**ACTION ITEM**
Would you restate the full listing word for word and omit its pictures?

**SUPPLIED INFORMATION**
/---

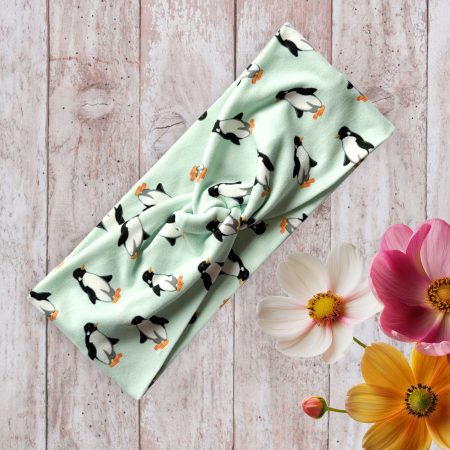 Penguins Twist Knot Headband
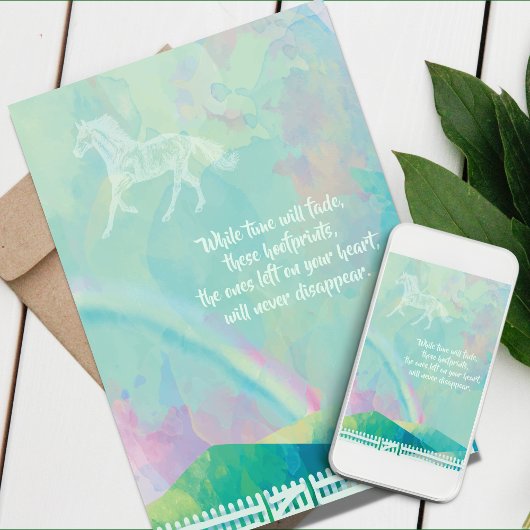 Pferdesympathie-Karte, Pferdekondolenzkarte Karte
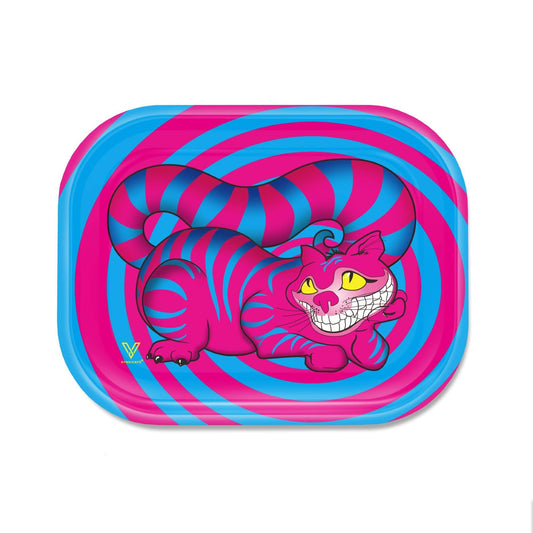 V Syndicate Seshigher Cat Whimsical Metal Rolling Tray - Durable & Easy Clean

\---

**ANSWER BELOW**
 Penguins Twist Knot Headband
 Pferdesympathie-Karte, Pferdekondolenzkarte Karte
 V Syndicate Seshigher Cat Whimsical Metal Rolling Tray - Durable & Easy Clean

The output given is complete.